ゴルゴちゃん13才、伝説のすた丼屋に行く。7


 その秘密を、ゴルゴちゃんはすぐ看破する。


 豚汁の具材には、なんとジャガイモが使われていたのだ。



「…………フ」



 しかもそれは煮崩れていて、味噌と一緒に溶けあっていた。


 これが自然な甘さを生んでいるのだろう。


 時折潜むシイタケも、甘さを引き締めるいい仕事をしていた。


 よくよく考えられてつくられた、豚汁なのだ。


 ──そもそも情報屋によれば、すた丼はかなり塩辛くつくられているという。



「そこに生卵を絡めて、一気に食べるものなんですよ」



 ニンニクの風味を強めで組み立てているからこそ、負けないように塩気を前に出しているのか。

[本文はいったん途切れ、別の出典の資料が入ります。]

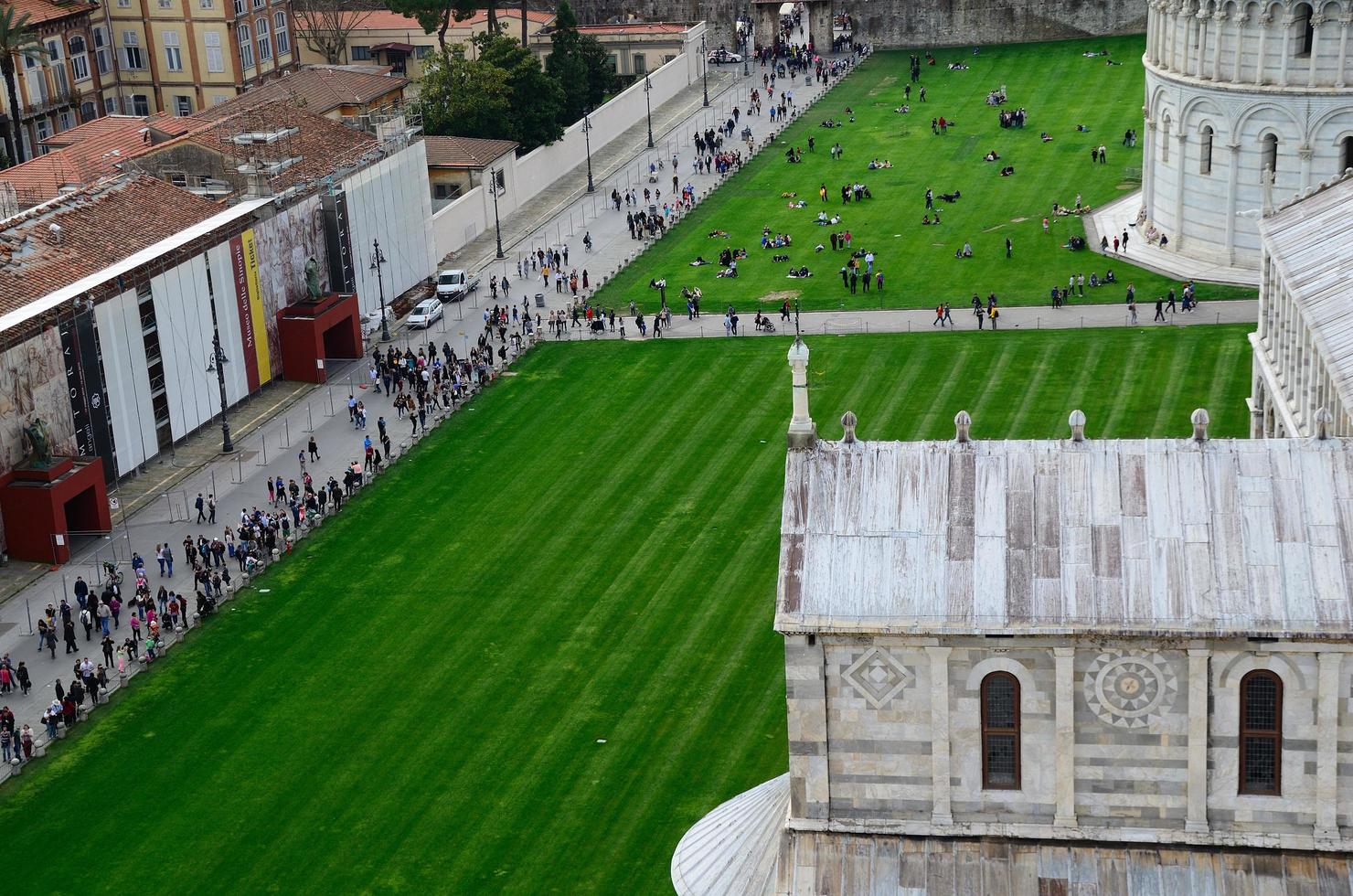 many tourists from above at Cathedral of Pisa photo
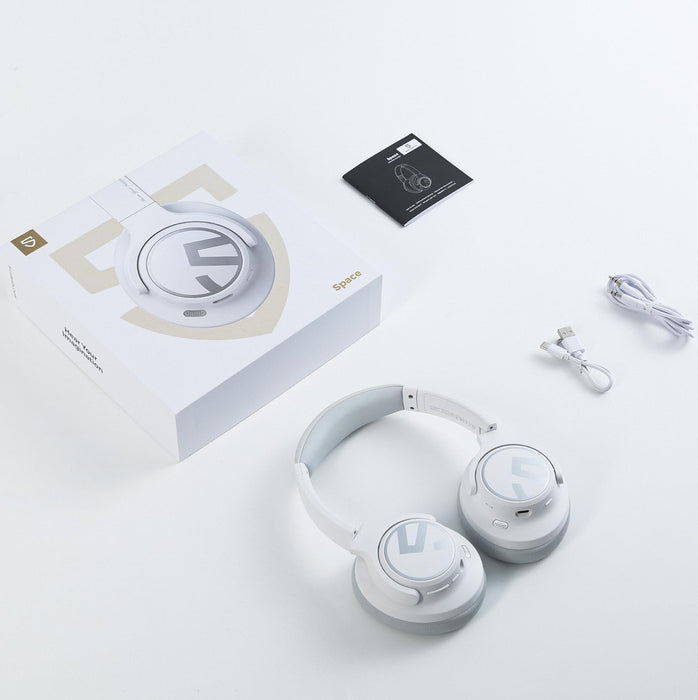 SoundPEATS Space Hybrid Active Noise Cancelling Wireless On-Ear Headphones Foldable Lightweight Over-Ear Bluetooth 5.3, Built-in Microphone, 40mm Driver, 123H Play, Multipoint Connection with ANC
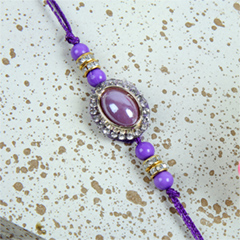 Purple Stone Diamond Rakhi - Send Rakhi to Europe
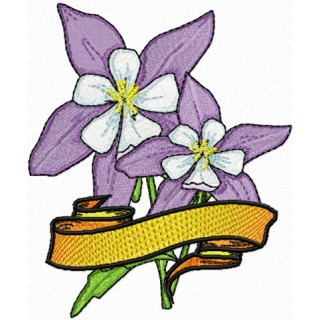 Columbine Flower with Banner  embroidery design - Embroidery Design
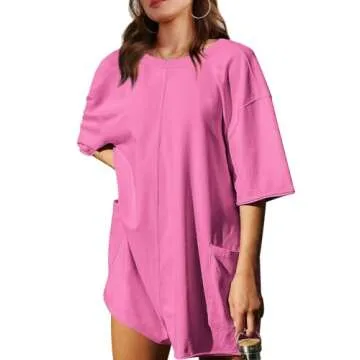 Rompers for Women Athletic Romper Spring Break Outfit Women Hot Shot Tee Romper Overalls Jumpsuit Pink M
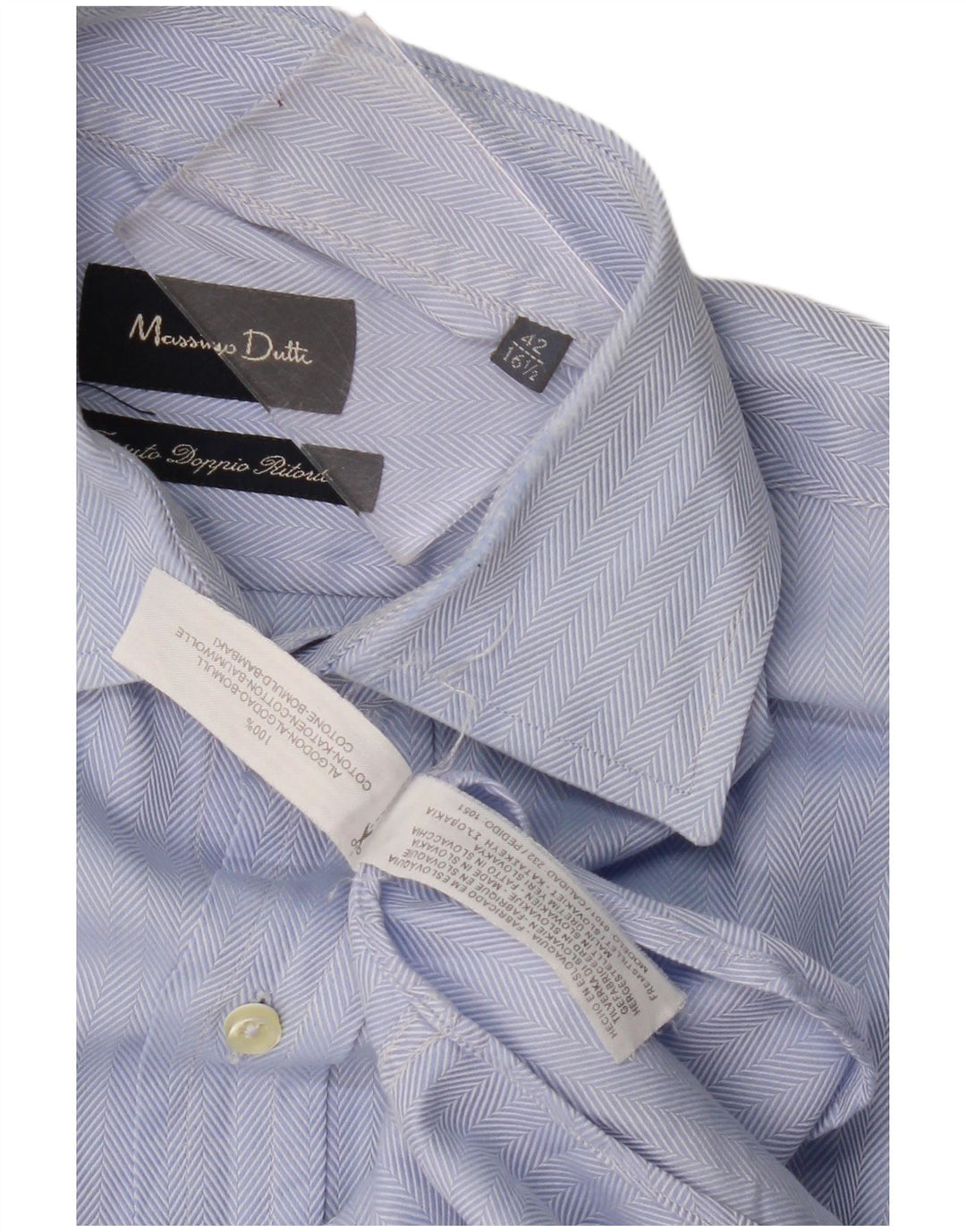 Massimo Dutti Herrenhemd Größe 42 16 1/2 Große blaue Fischgrätenbaumwolle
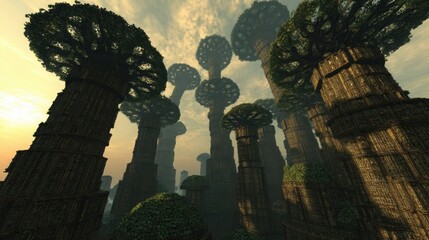 Towering ancient trees with organic canopies reach towards a misty sky, creating a mystical forest landscape.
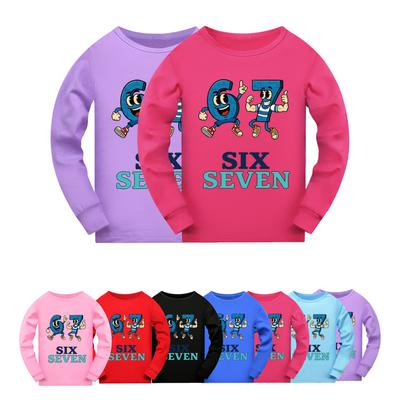5225  Kids Boys Girls Steal a Brainrot 67 Six Seven Print Long Sleeves T-Shirt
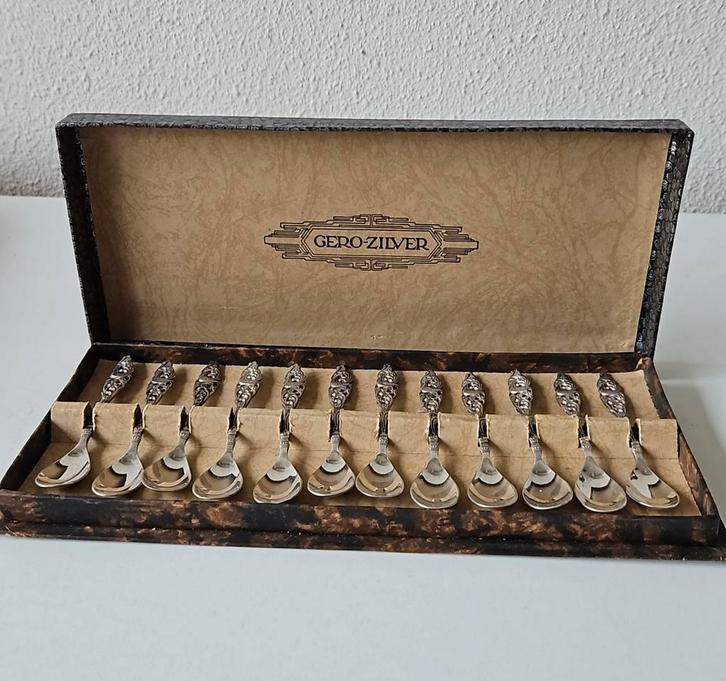 Gero zilver 12 lepeltjes gesigneerd met originele doos, Antiek en Kunst, Antiek | Goud en Zilver, Zilver, Ophalen of Verzenden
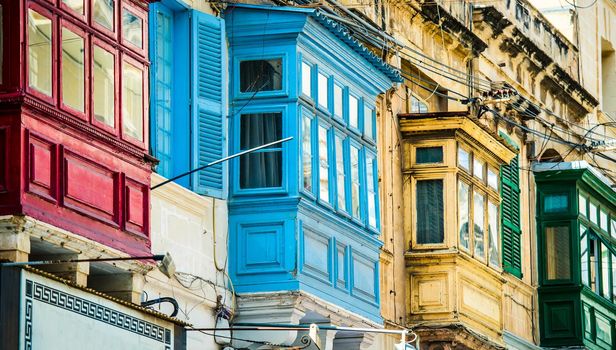 traditional balconies in historical center of Valletta in Malta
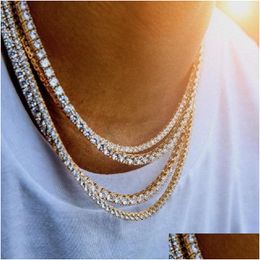 Tennis Graduated Mens Diamond Iced Out Tennis Gold Chain Necklaces Fashion Hip Hop Jewellery Necklace M 4Mm 5Mm Drop Delivery Pendants Dhiee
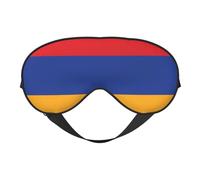 Masque pour les yeux double face avec motif drapeau de l'Arménie - Réglable - Bloque la lumière et respirant - Convient pour le repos et les voyages.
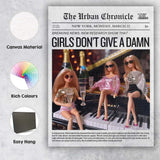 Funny Girls Night Out Satirical Newspaper Front Page Canvas Wall Art Print Decor Picture Ready to Hang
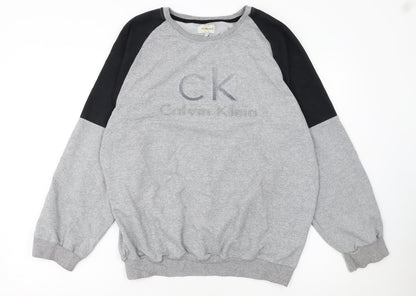 Calvin Klein Jeans Men's Grey 2XL Pullover Sweatshirt Classic Logo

 だとすればこの豚汁は、すた丼との相性を考慮しているのかもしれない。


 さて、問題はチャーハンとの組み合わせだが。



「…………!」



 割り箸からレンゲに切り替え、ゴルゴちゃんはチャーハンを口にした。


 ぱらっぱら。


 ぱらっぱらだ。


 なんという、完璧なチャーハンだろう──。


 細かく刻まれた焼き豚やネギの中で、卵がふうわり香るだけの、シンプルなものだ。


 しかし、余計なものは必要ない。


 ただひたすらに、油が回ってぱらぱらに炒められた、米のうまさを堪能できる。


 これがサイドメニューに押しやられているのが不思議なくらい、うますぎる一品だった。